Tasks assigned to those AI agents include executing custom playbooks created by DevOps teams, reviews of new application deployments, cost analysis and security assessments. AI agents can also automatically generate visualizations based on natural language requests, interpret and analyze anomalies in real time and interact with other agents to automate more complex tasks.

Logz.io has already tested this AI agent-first approach with more than 200 IT organizations that have deployed more than 2,000 Logz.io AI Agents, resulting in saving a total of approximately 25,000 engineering hours this month alone—equivalent to 12 full-time SRE positions. At the current adoption rate, Logz.io projects customers will recover roughly 300,000 hours of engineering time over the next year.

It’s not clear how extensively AI agents will change the way DevOps workflows are managed, but it is apparent that with the rise of AI coding tools, the number of applications being deployed by any organization is about to significantly increase.

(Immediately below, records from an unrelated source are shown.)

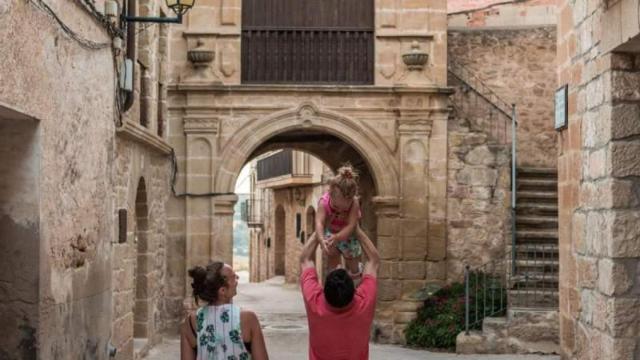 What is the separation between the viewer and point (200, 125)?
49.8 ft

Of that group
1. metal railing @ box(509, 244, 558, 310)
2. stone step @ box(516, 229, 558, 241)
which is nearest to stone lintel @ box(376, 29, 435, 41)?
stone step @ box(516, 229, 558, 241)

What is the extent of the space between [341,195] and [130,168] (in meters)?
6.65

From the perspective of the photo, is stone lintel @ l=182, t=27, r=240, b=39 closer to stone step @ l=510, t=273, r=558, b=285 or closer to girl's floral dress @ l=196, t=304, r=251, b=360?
stone step @ l=510, t=273, r=558, b=285

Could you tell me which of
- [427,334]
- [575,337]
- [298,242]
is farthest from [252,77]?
[298,242]

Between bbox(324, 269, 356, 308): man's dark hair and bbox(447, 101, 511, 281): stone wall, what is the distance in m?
10.7

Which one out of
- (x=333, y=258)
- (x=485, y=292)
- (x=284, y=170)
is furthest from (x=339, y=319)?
(x=284, y=170)

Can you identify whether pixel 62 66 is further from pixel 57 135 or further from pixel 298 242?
pixel 298 242

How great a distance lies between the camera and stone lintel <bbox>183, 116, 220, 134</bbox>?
1515 centimetres

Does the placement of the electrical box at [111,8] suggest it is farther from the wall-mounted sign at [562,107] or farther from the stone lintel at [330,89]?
the stone lintel at [330,89]

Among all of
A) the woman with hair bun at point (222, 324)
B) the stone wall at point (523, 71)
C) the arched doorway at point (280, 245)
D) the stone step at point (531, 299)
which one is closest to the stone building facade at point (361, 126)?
the stone wall at point (523, 71)

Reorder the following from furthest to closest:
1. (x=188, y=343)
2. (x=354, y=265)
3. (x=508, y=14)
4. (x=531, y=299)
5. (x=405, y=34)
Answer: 1. (x=508, y=14)
2. (x=405, y=34)
3. (x=531, y=299)
4. (x=354, y=265)
5. (x=188, y=343)

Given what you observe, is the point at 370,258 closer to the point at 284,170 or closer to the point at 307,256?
the point at 307,256

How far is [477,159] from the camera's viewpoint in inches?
601

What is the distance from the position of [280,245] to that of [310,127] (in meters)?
15.6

Most existing DevOps teams are not going to be able to keep pace with that rate of application development and deployment without being augmented in some way by AI agents.

The challenge then becomes determining which tasks are best assigned to an AI agent versus those that still require the expertise of a DevOps engineer. Over time, however, DevOps engineers will find themselves supervising a small army of AI agents that have been trained to perform a range of specific tasks.

Ultimately, AI agents should make applications both more resilient and secure as anomalous behavior is identified sooner. Armed with those insights, it then becomes feasible for application developers that are similarly augmented by AI agents to troubleshoot applications in a way that results in more issues being resolved long before they have any meaningful impact on the organization.

In fact, AI agents should make it possible for more organizations to benefit from observability by proactively addressing application issues rather than simply continuing to monitor a set of pre-defined metrics that provide limited actionable intelligence. That, of course, might take some time for IT professionals to accept and fully trust, but in time, many of the tasks that conspire to make managing DevOps workflows more tedious will, like it or not, be increasingly performed by AI agents.